Five day. Muggish, mostly from precipitation, I suspect. Not quite refreshing as I walked in the park.
I was considering an article [Link] entitled “Science communication training should be about more than just how to transmit knowledge.” This is enough – almost – to damn the whole article.
Science isn’t primarily about training; it’s about education. Or should be. And I get concerned when some derriere-hat talks about scientists as if they were some slightly better schooled handy man (or woman.) This is probably understandable since the author are advertising academics. My guess is that they know less about science than most five year old Nerds.

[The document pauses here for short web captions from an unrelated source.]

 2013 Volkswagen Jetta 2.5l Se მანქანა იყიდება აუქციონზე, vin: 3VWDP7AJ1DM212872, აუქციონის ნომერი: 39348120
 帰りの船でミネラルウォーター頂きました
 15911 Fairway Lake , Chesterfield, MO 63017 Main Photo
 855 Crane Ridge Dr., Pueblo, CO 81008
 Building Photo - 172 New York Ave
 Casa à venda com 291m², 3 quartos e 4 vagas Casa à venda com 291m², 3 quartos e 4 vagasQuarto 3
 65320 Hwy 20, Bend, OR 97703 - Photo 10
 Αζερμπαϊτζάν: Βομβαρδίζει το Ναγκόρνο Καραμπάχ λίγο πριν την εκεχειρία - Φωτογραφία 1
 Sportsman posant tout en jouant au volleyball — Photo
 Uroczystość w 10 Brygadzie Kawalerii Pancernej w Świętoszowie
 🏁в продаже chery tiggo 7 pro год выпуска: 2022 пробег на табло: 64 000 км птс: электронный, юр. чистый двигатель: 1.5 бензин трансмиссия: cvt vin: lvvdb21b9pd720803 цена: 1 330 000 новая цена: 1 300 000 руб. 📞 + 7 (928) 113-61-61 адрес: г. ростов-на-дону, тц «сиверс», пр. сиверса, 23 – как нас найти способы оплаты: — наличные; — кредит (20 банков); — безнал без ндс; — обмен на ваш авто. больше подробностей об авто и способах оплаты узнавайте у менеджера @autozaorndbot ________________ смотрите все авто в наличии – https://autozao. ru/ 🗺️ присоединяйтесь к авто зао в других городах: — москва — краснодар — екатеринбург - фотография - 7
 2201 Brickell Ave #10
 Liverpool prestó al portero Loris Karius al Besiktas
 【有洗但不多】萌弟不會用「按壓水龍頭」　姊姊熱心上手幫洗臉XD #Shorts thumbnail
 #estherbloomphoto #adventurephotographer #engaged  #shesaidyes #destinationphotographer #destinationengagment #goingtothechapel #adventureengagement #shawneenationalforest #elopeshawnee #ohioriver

I was particularly taken by this:
“But times change. Leaders in the scientific community are increasingly calling on their scientist colleagues to meaningfully engage with their fellow citizens. The hope is that such interactions can improve the science-society relationship at a time when we are confronting a growing list of high-stakes, high-controversy issues including climate change, synthetic biology and epigenetics.
The gauntlet has been issued, but can scientists meet it?”
It seems to illustrate the bad think. Science doesn’t have leaders. It has scientists. Appeal to authority is wrong. Everything has to be testable, at least eventually.
Engagement does not mean pandering, which seems to be what these snake oil salesmen are proposing. Engagement is a form of communication and that means some effort and adaptation on both sides. And how do we measure meaningful? Sounds like advertising hype to me. Let us not forget that every advertisement contains AT LEAST one inaccuracy (lie, if you will.)
From what I can see, the gauntlet metaphor is part of that inaccuracy. It implies a duel, at least to anyone who has any knowledge of medieval history. (I shan’t go beyond that inference.) The outreach thing is largely self-inflicted by academics who are trying to sell something. I am not sure it is science. I suspect it is funding for academic scientists. But that’s another blot.
But overall, this is rubbish of the rotting organic type.
Exactly like almost all advertisements.
The academics would be better served paying attention to Chad Orzel than these panacea purveyors.